• **Task description**
Using the data that follows, output only the lines from the line with "Spacious open floorplan" up to and including the line with "A side view", exactly, leaving pictures aside.

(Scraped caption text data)
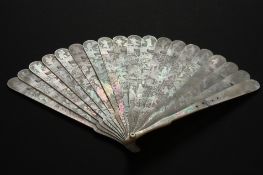 An unusual early 19th century mother of pearl fan Chinese, circa 1820 finely decorated on both sides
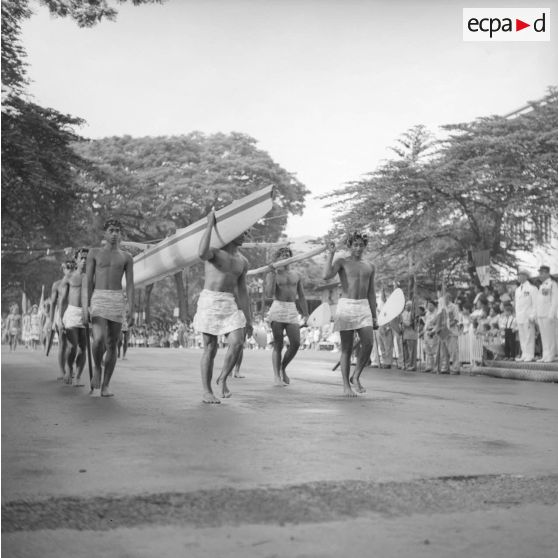 Fêtes du Juillet ou fête du Tiurai à Papeete en 1964. Défilé de pirogue portée par des piroguiers.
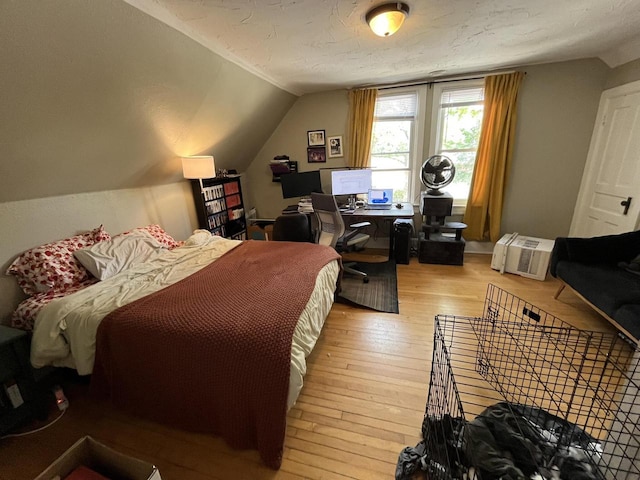 2928 N Humboldt Blvd Unit 2930, Milwaukee, WI 53212 - bedroom with light wood-style floors, a desk, and lofted ceiling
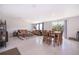 Spacious open floorplan living room and dining room area with tile flooring at 3134 Viceroy Ct, Poinciana, FL 34759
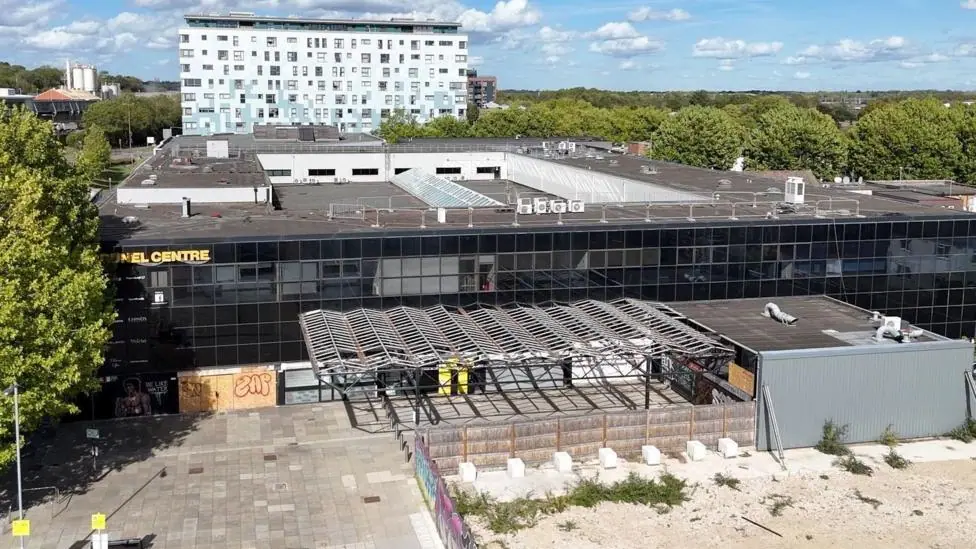 This is an aerial picture of a large angular black shopping centre. There are trees to the left and right and in the distance behind the centre is a large high rise block. There is a blue sky with…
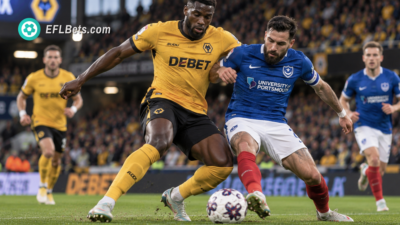 Toti Gomes of Wolves, jostling for the ball with Marlon Pack of Portsmouth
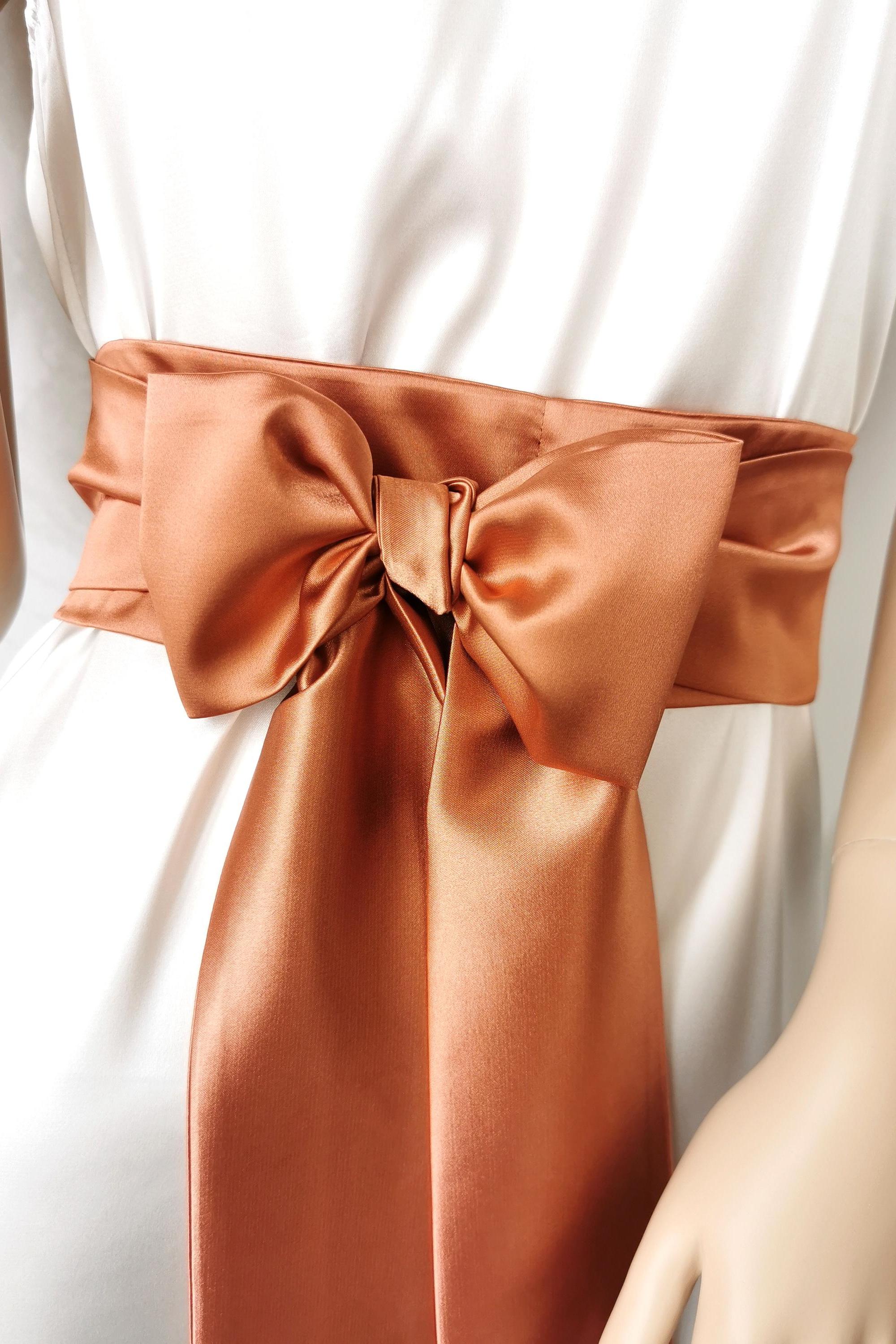 Rust terracotta satin bow belt with elegant drape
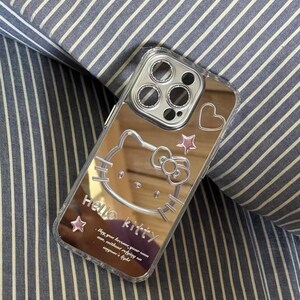 May include: A silver mirror phone case with a Hello Kitty design. The case has a pink heart and stars. The text on the case reads "Hello Kitty. Way you become your own ann, without refying on anyone's light."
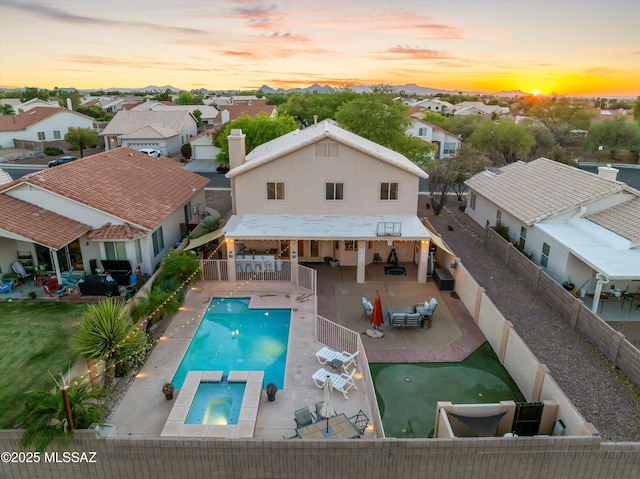 9880 E Cisco Ct, Tucson, AZ 85748 - back of house at dusk with a residential view, a fenced backyard, a pool with connected hot tub, a patio area, and stucco siding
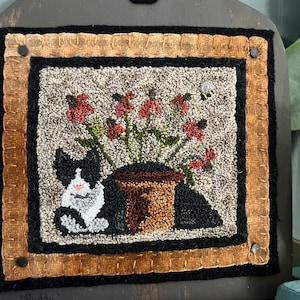 May include: A black and white cat sits next to a potted plant with red flowers and a bee. The artwork is framed with a brown and black border and mounted on a dark gray wooden board with a black paw print in the upper center.
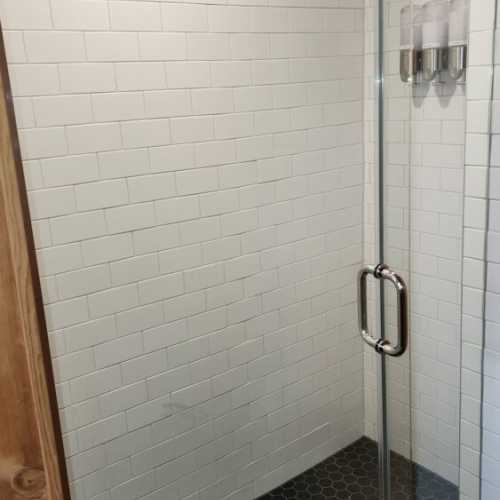Bathroom #1: Main floor full bath with shower, shared by lower bedrooms and great room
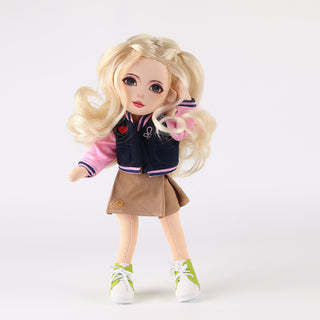 WeGirls Lucy doll in baseball jacket and brown pleated skirt - full front view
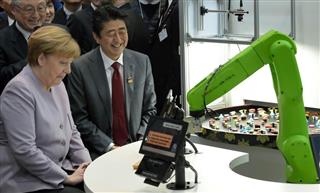 「ＣｅＢＩＴ２０１７」の会場で、すしを運ぶロボットを見学する安倍晋三首相とドイツのメルケル首相＝２０日、ハノーバー（ＡＰ）
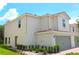 A side view of a two-story townhome with manicured landscaping at 591 Bay Leaf Dr, Poinciana, FL 34759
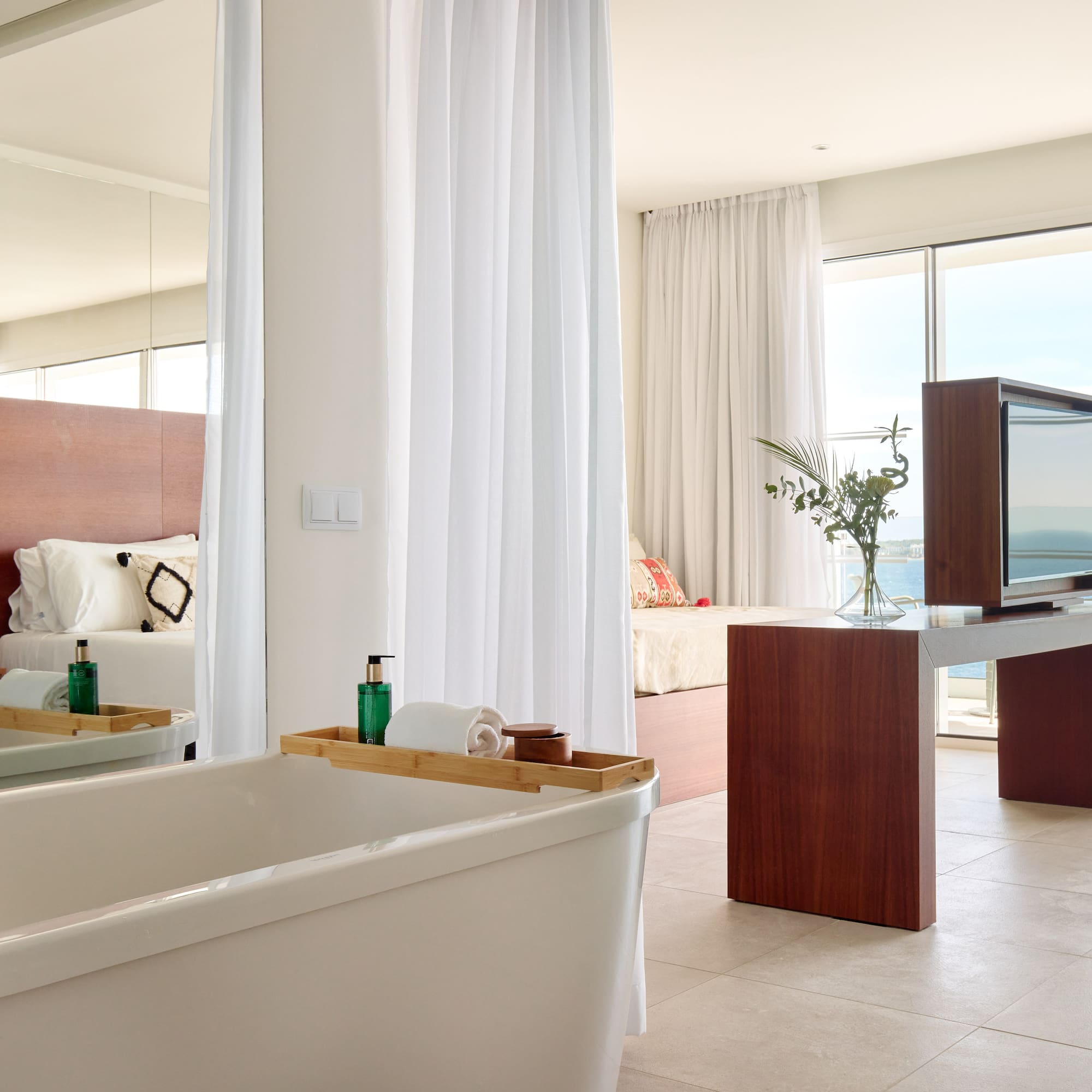 a bathroom with a large mirror and a tub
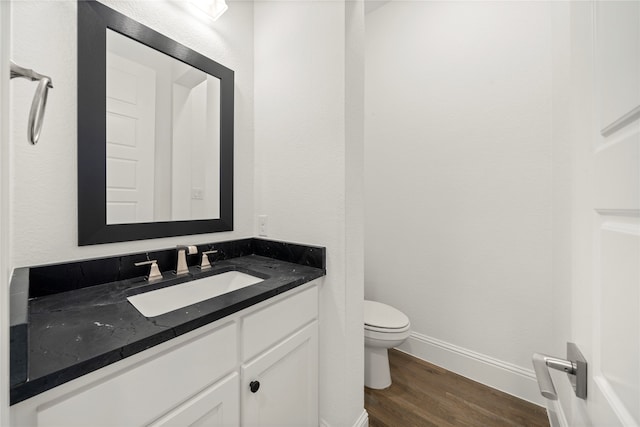 bathroom with toilet, vanity, and hardwood / wood-style flooring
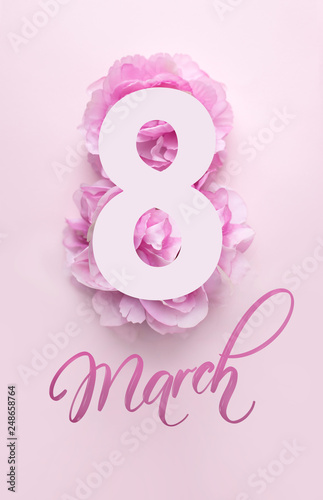 8 march hand lettering and peonies flowers. Woman's Day greeting card background.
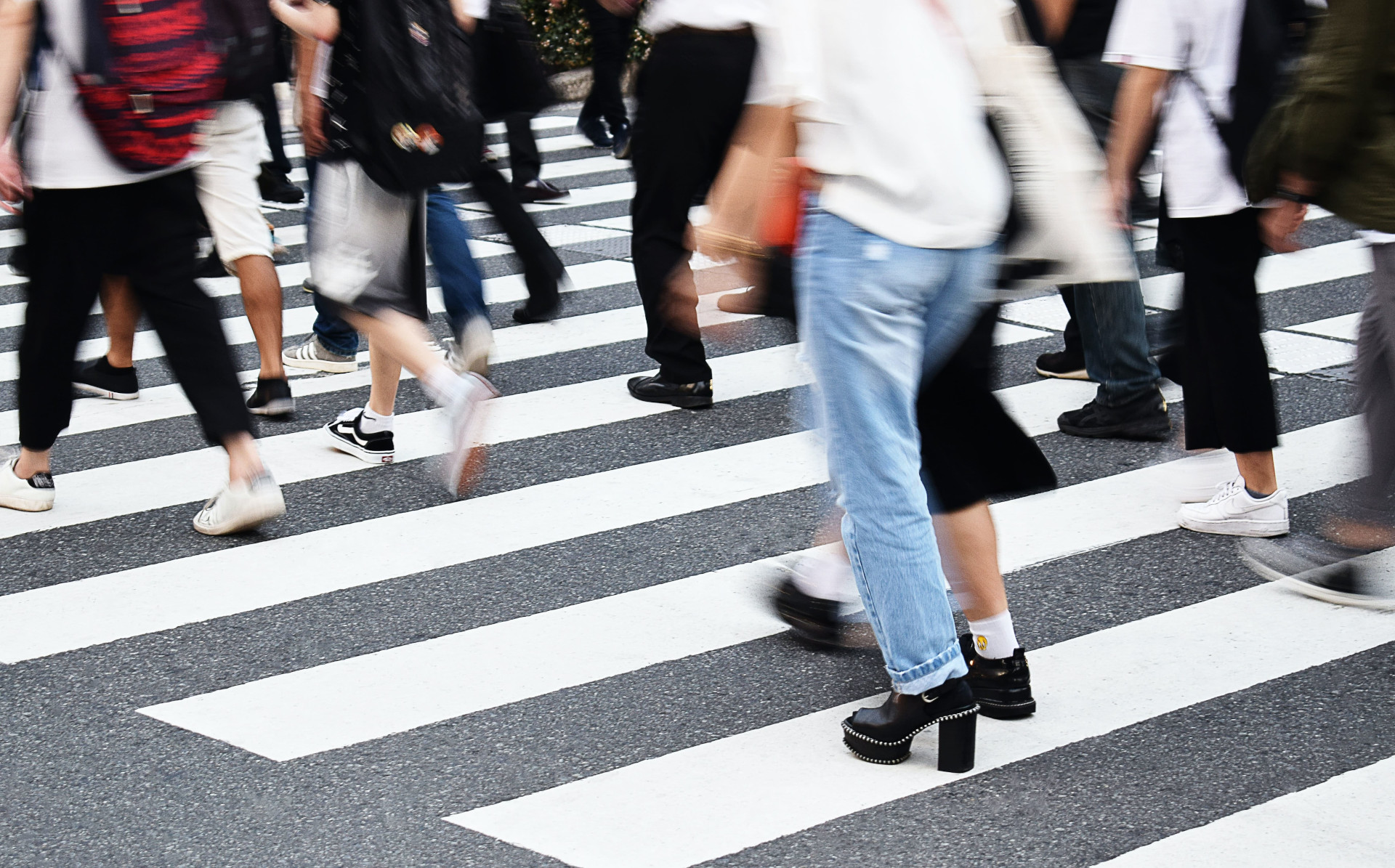 A crosswalk with black and white stripes used by a lot of pedestrians
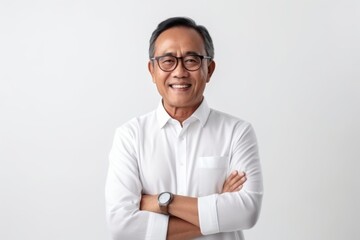Portrait of happy senior Asian man wearing glasses and white shirt standing with arms crossed over white background.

• **Expected answer**
 Spacious open floorplan living room and dining room area with tile flooring at 3134 Viceroy Ct, Poinciana, FL 34759
 This is an aerial picture of a large angular black shopping centre. There are trees to the left and right and in the distance behind the centre is a large high rise block. There is a blue sky with…
 Toti Gomes of Wolves, jostling for the ball with Marlon Pack of Portsmouth
 Rust terracotta satin bow belt with elegant drape
 May include: A silver mirror phone case with a Hello Kitty design. The case has a pink heart and stars. The text on the case reads "Hello Kitty. Way you become your own ann, without refying on anyone's light."
 9880 E Cisco Ct, Tucson, AZ 85748 - back of house at dusk with a residential view, a fenced backyard, a pool with connected hot tub, a patio area, and stucco siding
 May include: A black and white cat sits next to a potted plant with red flowers and a bee. The artwork is framed with a brown and black border and mounted on a dark gray wooden board with a black paw print in the upper center.
Bathroom #1: Main floor full bath with shower, shared by lower bedrooms and great room
 WeGirls Lucy doll in baseball jacket and brown pleated skirt - full front view
 「ＣｅＢＩＴ２０１７」の会場で、すしを運ぶロボットを見学する安倍晋三首相とドイツのメルケル首相＝２０日、ハノーバー（ＡＰ）
 A side view of a two-story townhome with manicured landscaping at 591 Bay Leaf Dr, Poinciana, FL 34759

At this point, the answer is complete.